L’Amateur de poèmes, neuvième volume de la collection “Métamorphoses” dirigée par Jean Paulhan, est un recueil de textes traduits de diverses langues par quelqu’un qui se présente modestement comme un amateur de poèmes (et le fait d’utiliser “poèmes” au lieu de “poésie” est un autre signe de discrétion) . Cet amateur s’appelle Jean Prévost, et l’on se rappelle du beau livre d’hommage à cet écrivain mi-célèbre, mi-oublié, par Jean-Pierre Longre et William Marx, Jean Prévost aux avant-postes). Dans une vente publique, je retrouve, pour trois euros, un exemplaire de l’édition originale, aujourd’hui intégrée à un autre volume, Derniers poèmes, non réimprimé depuis 1991.

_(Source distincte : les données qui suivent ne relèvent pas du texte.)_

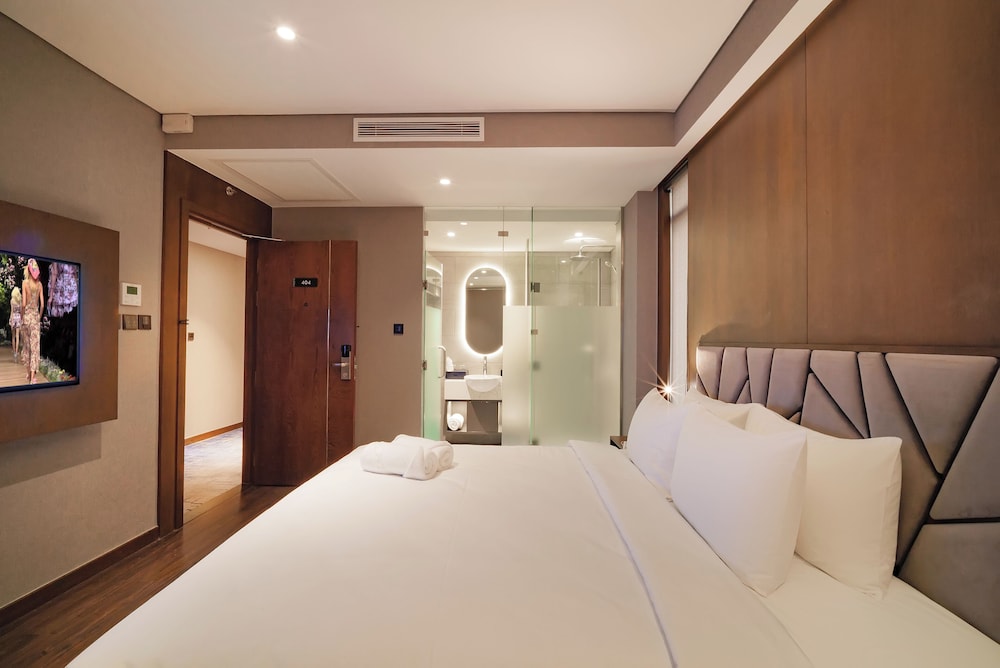 غرفة سوبيريور بسرير كينج، Nhat Ha Lavish Hotel 2/3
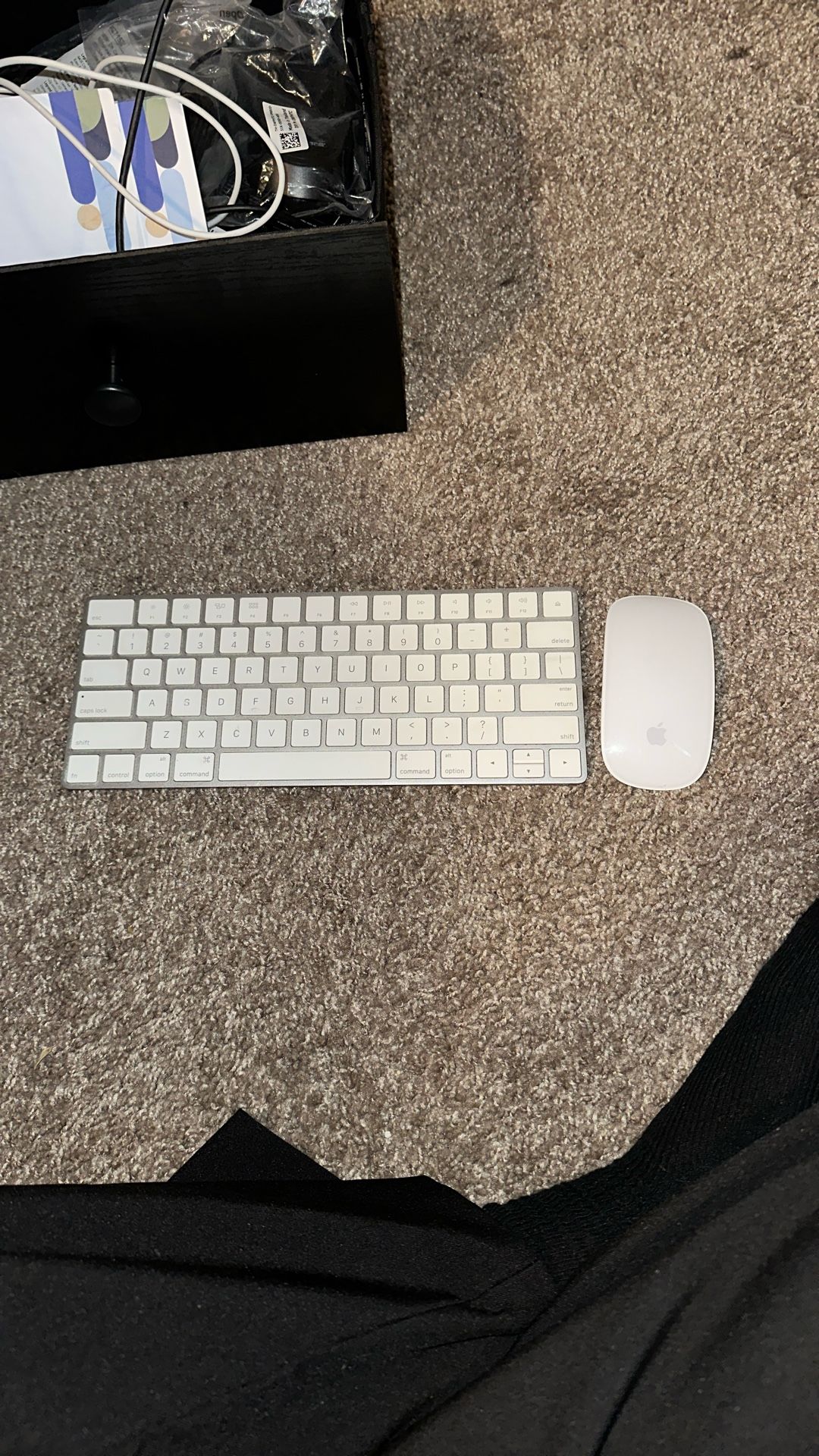 Apple Wireless Mouse And Keyboard
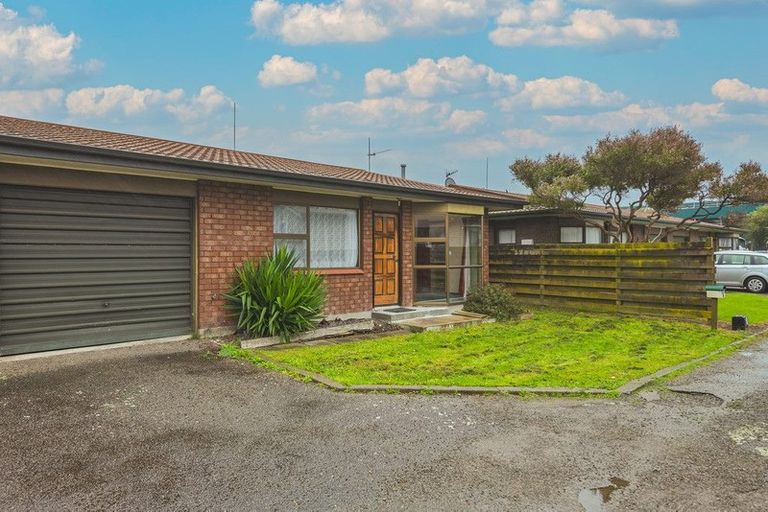Photo of property in 984c Tremaine Avenue, Roslyn, Palmerston North, 4414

L’achevé d’imprimer laisse rêveur: le 8 mai 1940, peut-être le dernier livre publié par Gallimard avant le déclenchement des hostilités? Il souligne aussi le poids ‒et l’intelligence‒ de ce que Jean Prévost dit sur la situation de la poésie dans les derniers jours de la drôle de guerre. Notre époque, dit l’amateur, manque de poètes, et même doublement: d’abord parce qu’il n’y en a plus (les poètes ont oublié ce qu’est la poésie, car à l’exception d’un Paul Valéry, ils ont renoncé à la forme et ils ne font plus que de la prose entrecoupée de blancs ‒regardez Claudel); ensuite, parce que nous avons besoin d’eux, les façons de dire existantes ne suffisant plus à dire avec un minimum de dignité les sentiments forts et neufs de ceux qui les vivent.

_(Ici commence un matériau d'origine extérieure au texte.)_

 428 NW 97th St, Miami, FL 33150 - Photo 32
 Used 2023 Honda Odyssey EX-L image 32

L’Amateur de poèmes se propose de remédier à ce manque, non pas à l’aide d’une nouvelle théorie (le temps des manifestes n’est plus, ou il n’est pas encore revenu), mais au moyen de quelques exemples, et de quelques petits commentaires sur la manière dont ces exemples ont été traduits. Que faut-il en retenir, qui puisse encore nous intéresser, c’est-à-dire nous être utile, aujourd’hui? Trois choses. Premièrement: poésie savante et poésie populaire ne sont pas des forces antagonistes, mais complémentaires (“populaire”, précise Prévost, est tout le contraire de “vulgaire”, il pense évidemment à Lorca). Deuxièmement: que la poésie n’existe pas en dehors d’une forme, et que cette forme implique inévitablement la concision (il aurait pu citer aussi Paul Valéry, pour qui entre deux mots il fallait toujours choisir le moindre). Troisièmement, que cette concision n’est pas uniquement question de brièveté ou d’absence de longueur, mais qu’elle résulte aussi du jeu de plusieurs paramètres (les accents ou la sonorité sont tout aussi importants que le nombre de lettres ou de syllabes).

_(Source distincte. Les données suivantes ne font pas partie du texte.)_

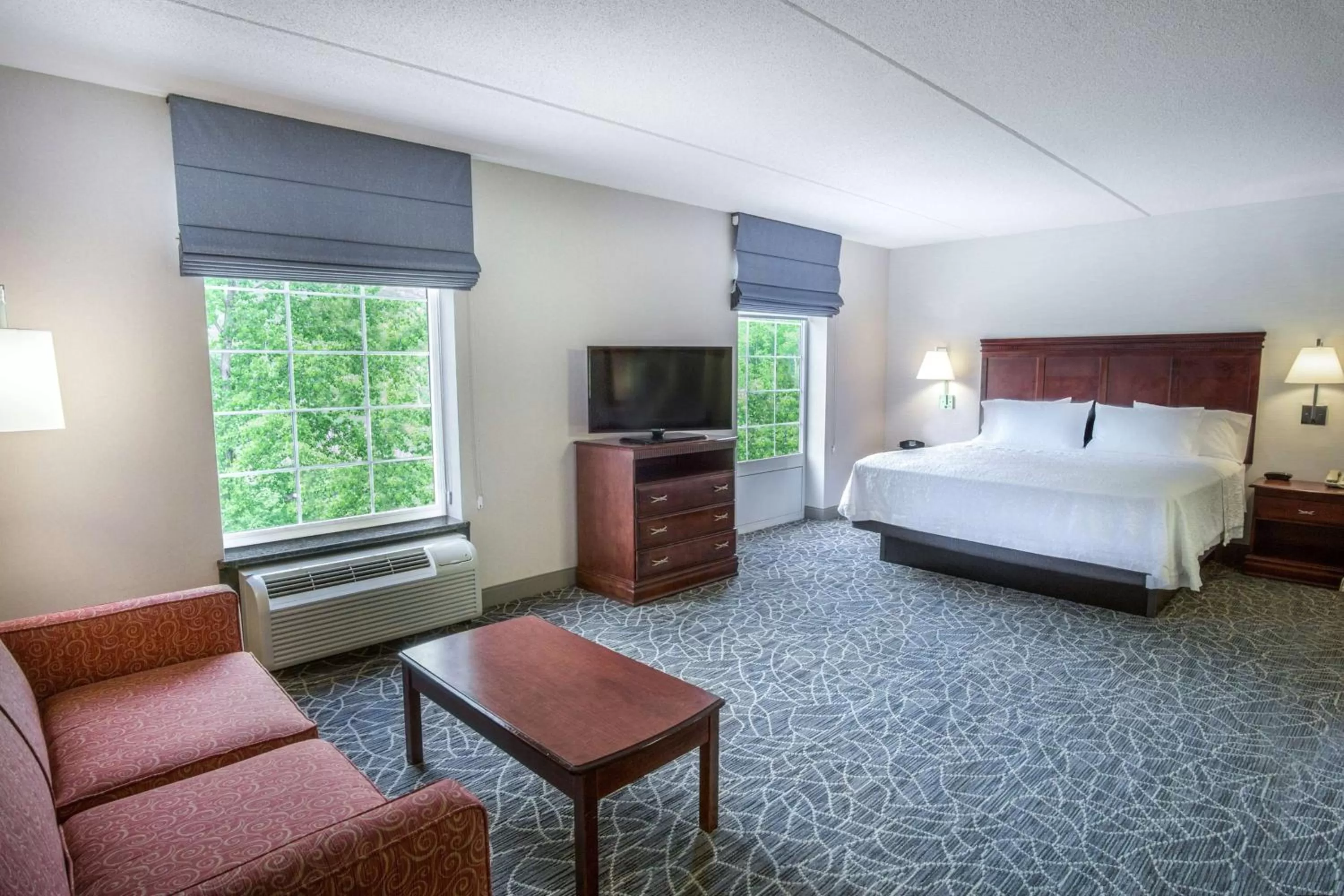 Living room, Bed in Hampton Inn & Suites Berkshires-Lenox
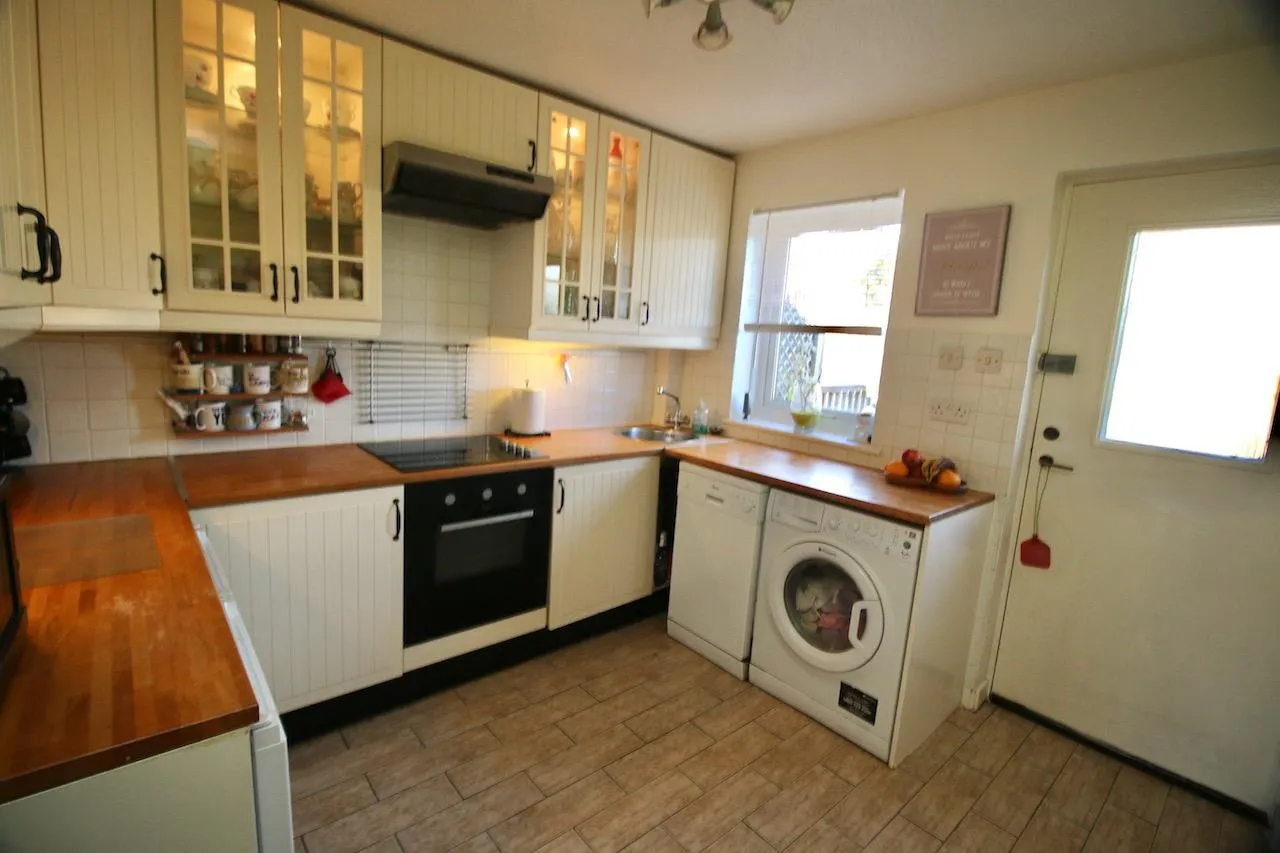 Broomknowe, Cumbernauld, G68 9AQ, photo 11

Et tout cela illustré par des traductions d’auteurs qui deviendront ou resteront très connus (Prévost avait le jugement très sûr), soit anonymes (l’équivalent historique de notre street art?), comme cette jolie copla, intitulée Prière:
“Je voudrais bien être avec vous// Comme sont les pieds de Jésus:// L’un dessous et l’autre dessus.// Entre les deux, un petit clou.”